BERLIN — Investors have spent more than $2 trillion on clean-energy plants in the past decade and last year added more renewable capacity than ever before.
The $270 billion spent in 2014 on renewable technologies such as wind and solar reversed a two-year dip in investments and brought in a record 103 gigawatts of clean-energy power generation, according to a report released Tuesday by the United Nations Environment Program, the Frankfurt School and Bloomberg New Energy Finance.
“In 2014, renewables made up nearly half of the net power capacity added worldwide,” Achim Steiner, UNEP’s executive director, said in a statement. “These climate-friendly energy technologies are now an indispensable component of the global energy mix. Their importance will only increase as markets mature, technology prices continue to fall and the need to rein in carbon emissions becomes ever more urgent.”

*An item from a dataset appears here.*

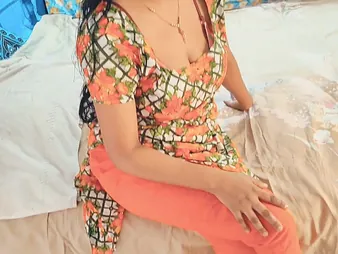 Desi wifey's sly grow older banging on touching a almighty homemade fuckfest with a desi friend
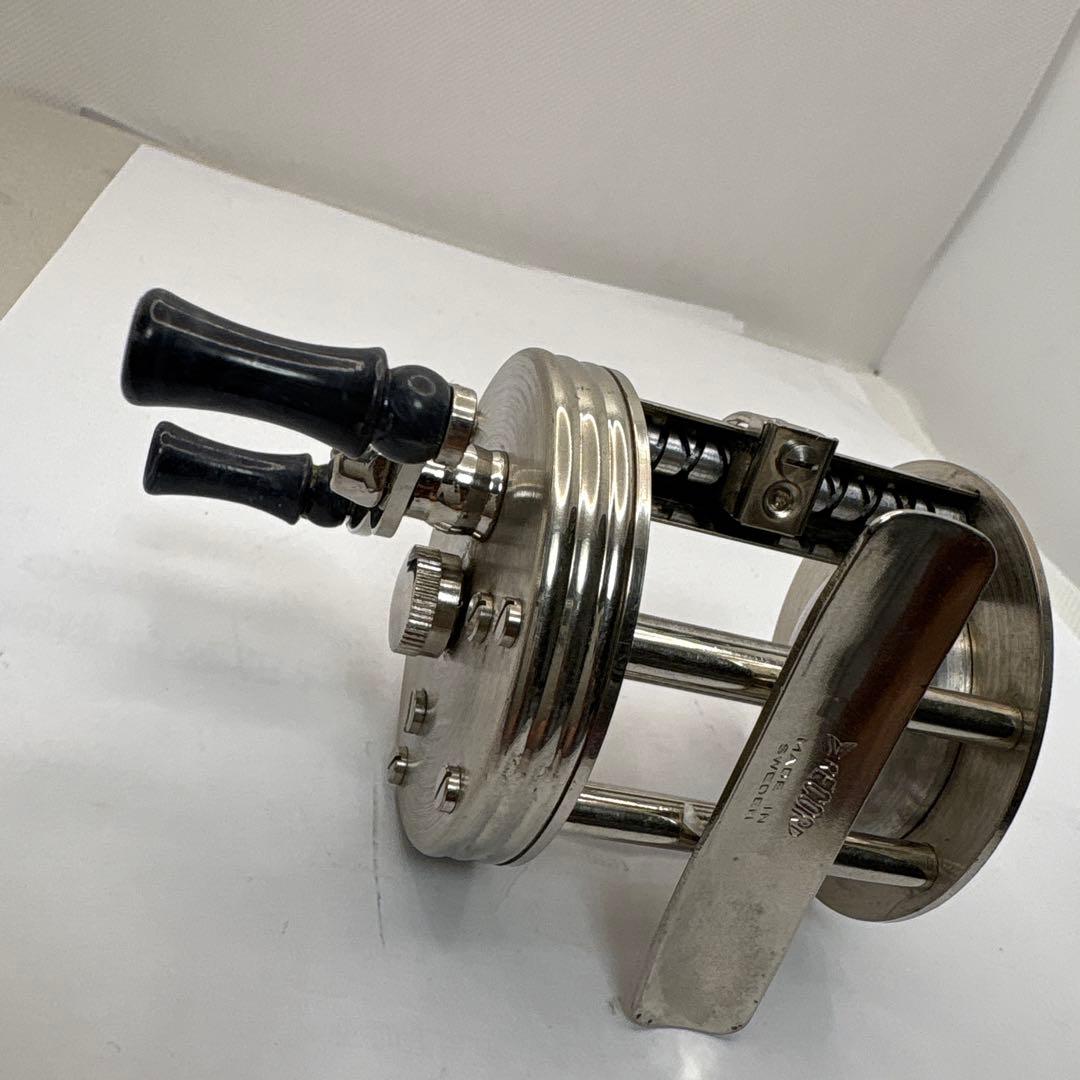 ABU 1550ベイトリール 収納袋付き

Rapidly declining prices for wind turbines and solar panels mean investors get more capacity out of the same investment. For the record $279 billion spent in 2011, investors got just 81 gigawatts of plants.
China topped the list with $83.3 billion, up 39 percent from 2013 and more than double the $38.3 billion of funding in the U.S., which came in second. Japan was third with $35.7 billion. Wind and solar accounted for 92 percent of the money spent, the report said.
In Europe, higher financing for sea-based wind farms and geothermal units offset a drop spending on biofuels, small hydro and waste-to-energy plants. Investors are concerned mainly about the future of government support policies for renewables, said Michael Liebreich, chairman of the advisory board at Bloomberg New Energy Finance.
“Southern Europe is still almost a no-go area for investors because of retroactive policy changes,” Liebreich said. “In the U.S. there is uncertainty over the future of the Production Tax Credit for wind, but costs are now so low that the sector is more insulated than in the past. Meanwhile the rooftop solar sector is becoming unstoppable.”